Re transitioning between small and large businesses (or tiny, small, medium, large, massive - as desired) in a fluid manner, how about kicking in the greater responsibilities according to ranked pay.
<=50 employees (say, for the sake of argument, and this is inclusive of management) require certain responsibilities supportive of the small business and encouraging employment, and does not demand employer-contributions or anything more than the statutary minimum employee PAYE (or whatever you lot do, over there). For 51+ employees, there's additional business taxes and things, but (instead of kicking straight in) it's applied as a percentage-point of the intended additional income-related taxes upon the 51st (and 52nd, 53rd, etc) per >50 employee, until hitting 150, when the 50 most menial labourers (cannot be Board Members/owners, to avoid with tax-avoidance, but with the caveat to allow for Workforce Representative appointments where they exist) are still benefitting from minimal tax burden, the other 100 are paid well enough (and clearly earning the company enough) not to significantly notice the additional burden asked to bear, or at least finding a comfortable level where gaining an employee is preferable to shunning additional business that might only be serviced by that employee being there to cover the ground.
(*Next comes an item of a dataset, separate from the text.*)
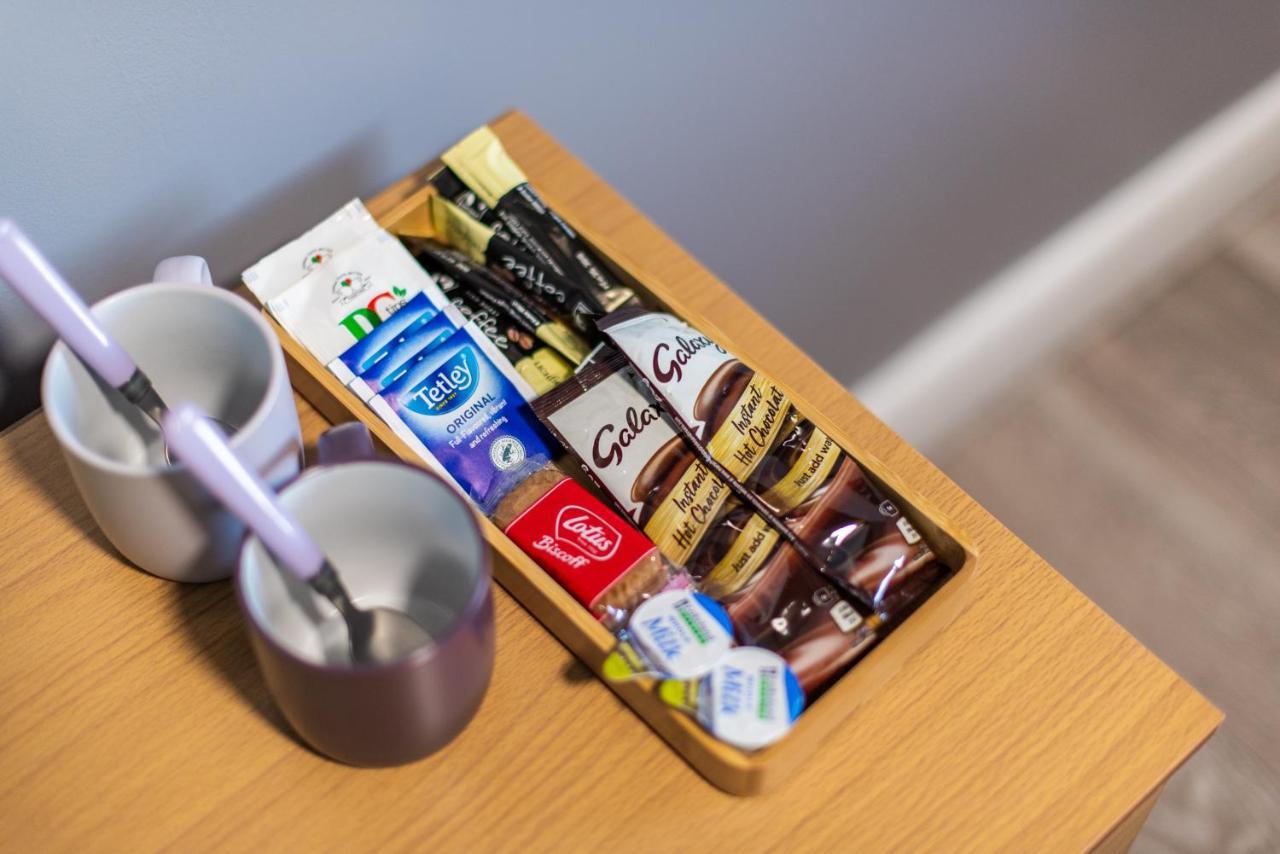 Heart Of Maidstone - Premium Double Rooms With Free Wi-Fi Exterior photo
Then, for 150+, a further bracket kicks in (0.1% of bracket-requirements, per employee, until 1150?) and again (0.01% per employee until 11.15k employees).
Not perfect. Needs some way to deal with undue splitting of large firms into unwarranted 'franchise' components of what should be a whole, and other things, I know.
Also, I started this post with the idea in mind that the term "geometric mean", as applied to take-home-wages, would apply somehow (or something similar, so that "geometric upper-quartile" would apply if a theoeritcal 25% of the workforce should be asked to be the higher contributors, but I momentarily forget what the "nth-percentile, geometrically adjusted" might be called) to help flatten the high/low disparity. And it needs a better economic-mind than mine to help avert even the more obvious ways of tricksing the system.
Plus things like "below n employees, you need only produce self-certified accounts upon request; above that, you need certification by a trained accountant; above m employees, further oversight is required by State/Federal regulators" are tricky to phase in, especially when trying to avoid short-changing by borderline employees using zero-hours contracts or 'contractor' status to hide true-employees from the count. But there'll be answers to, this, already. Probably the ones most argued against in legislature (by those lobbied upon by the people who would miss their favourite loopholes). Perhaps we should study failed amemdments to employment law more even than the passed ones?